I love intermarket relationships, especially ones which can give useful insights. This week's chart looks at the ratio of copper prices to gold prices and compares that to the 10-year T-Note yield.
The first interesting point to raise about this comparison is that I am using just a single Y-axis. Normally, a comparison of two data series will merit putting them on separate Y-axes. I did multiply the copper/gold ratio by 1000 to bring it into the same realm as the 10-year yield, and that seems to have been enough of an adjustment.
It is pretty amazing how closely these two plots stick together over time.

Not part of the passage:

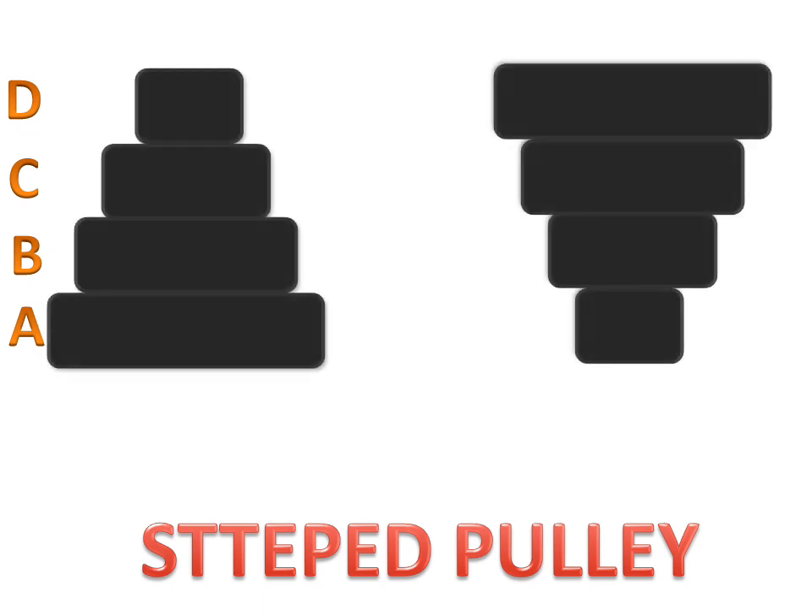Today we will discuss the stepped pulley — how it works and how it is used for increasing or decreasing speed. We have a stepped pulley with steps A, B, C, and D, and on the other side is the same pulley in the reverse direction.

This chart looks back 12 years, and the relationship has been a sticky one for a lot longer than that.
The additional interesting point is that the 10-year yield plot seems to be the wilder one of the two. While it dances the same dance steps as the copper/gold ratio, it dances farther at the extremes, and that is the fun insight about this comparison. Right now, the 10-year yield has dropped way below the copper/gold ratio on this scaling. When that has happened before, it has conveyed a message that both plots are likely to reverse.
To get the copper/gold ratio to turn upward, copper prices would have to start outperforming gold prices on a relative basis. That typically happens when the economy speeds up and demand for copper improves. Such an improvement in the economy is the Fed's stated goal in dropping its short-term rates to zero. The copper/gold ratio's position on the chart says that bond yields have swung too far now.